Le corpus 1 concerne la politique américaine et Reagan durant la période de mandat de ce dernier. Il est construit de l’intersection de l’ensemble n°1 et l’ensemble d’articles produits durant la période du 20 janvier 1981 au 20 janvier 1989 durant laquelle Reagan est président. Cela permet de récupérer tous les articles écrits sur la politique américaine durant la présidence de Reagan (13’162 articles).

Le corpus 2 représente la symétrie parfaite du premier corpus vis-à-vis de la politique soviétique et Gorbatchev durant la période au pouvoir de Gorbatchev. Il est l’intersection de l’ensemble n°2 et l’ensemble d’articles datés de la période du 11 mars 1985 au 24 août 1991 (7’667 articles).

Pour les deux corpus précédents, le critère temporel supplémentaire est basé sur la période exacte du mandat des deux hommes, pour éviter les biais liés aux différences dans l’arrivée et le départ du pouvoir de chacun lorsqu’il s’agira de comparer ces deux corpus.

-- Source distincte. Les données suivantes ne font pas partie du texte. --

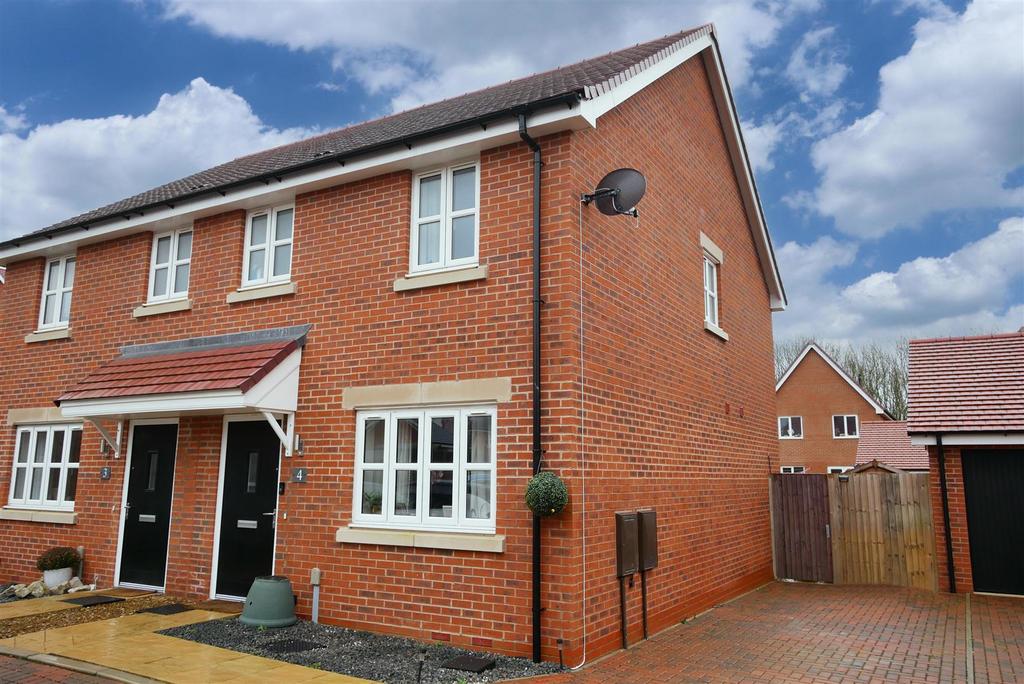 King Close, Chalgrove OX44 2 bed semidetached house £350,000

Corpus relations américano-soviétiques

L’ensemble 3 est défini par l’intersection de l’ensemble n°1 et n°2.
Celui est subdivisé en prenant l’intersection de l’ensemble n°3 avec l’ensemble composé des articles écrits durant les années 1981 à 1984 (corpus 3, 1’652 articles), les années 1985 à 1988 (corpus 4, 1’981 articles) et 1989 à 1991 (corpus 5, 1’414 articles). Cette division est réalisée en se basant sur les périodes de mandats de Reagan et Gorbatchev. Ces trois corpus permettent une analyse temporelle générale de la relation américano-soviétique durant l’entier de notre période d’intérêt.

Corpus sommets

Le corpus 6, illustré par le diagramme de l’ensemble n°4, est représentatif de la production médiatique autour du sommet de Genève. L’ensemble supérieur est l’intersection des articles composés du mot “Genève” et du mot “Sommet” (2’404 articles). L’ensemble inférieur gauche ne contient que les articles produits durant la période mentionnée. Ce choix de dates est réalisé en tenant compte des résultats de la première recherche, qui a permis d’indiquer la période durant laquelle le Journal de Genève mentionne l’événement.

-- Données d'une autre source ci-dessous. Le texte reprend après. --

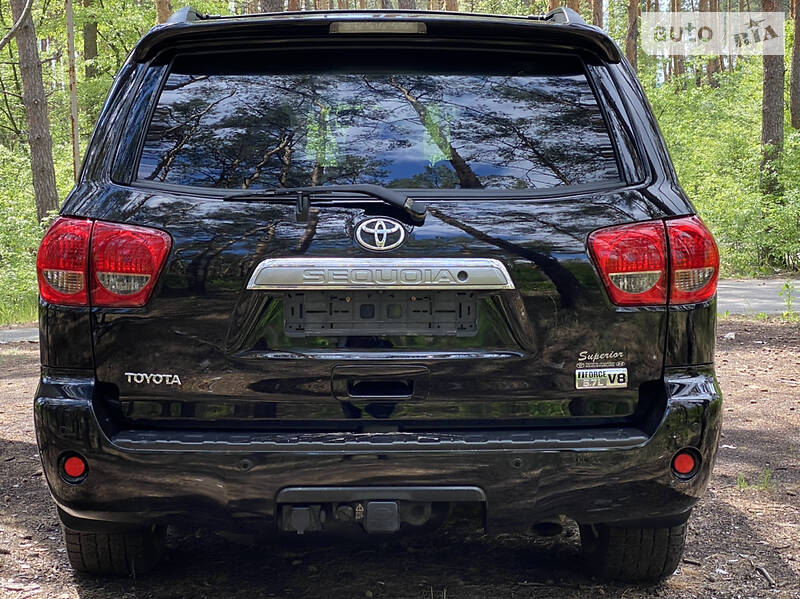Позашляховик / Кросовер Toyota Sequoia 2009 в Києві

Le corpus 7 (ensemble n°5) concerne les articles liés au sommet de Washington. Il permet la comparaison directe avec l’ensemble d’articles lié au sommet de Genève (1’569 articles).

Figure 1 – Définition des ensembles

Méthodes d’analyse

Les sept corpus définis ci-dessus ont été créés de manière à permettre à la fois une analyse séparée de chaque corpus, mais surtout des analyses comparatives. En particulier, les corpus 1 et 2 sont mis en parallèle afin de mettre en lumière les différences de traitement médiatique qui pourraient exister entre les États-Unis et l’URSS.

Méthodes pour l’analyse quantitative

Une première approche très quantitative est simplement une analyse de fréquence, en gardant en mémoire qu’il faut pondérer le nombre d’articles par la durée de la période considérée.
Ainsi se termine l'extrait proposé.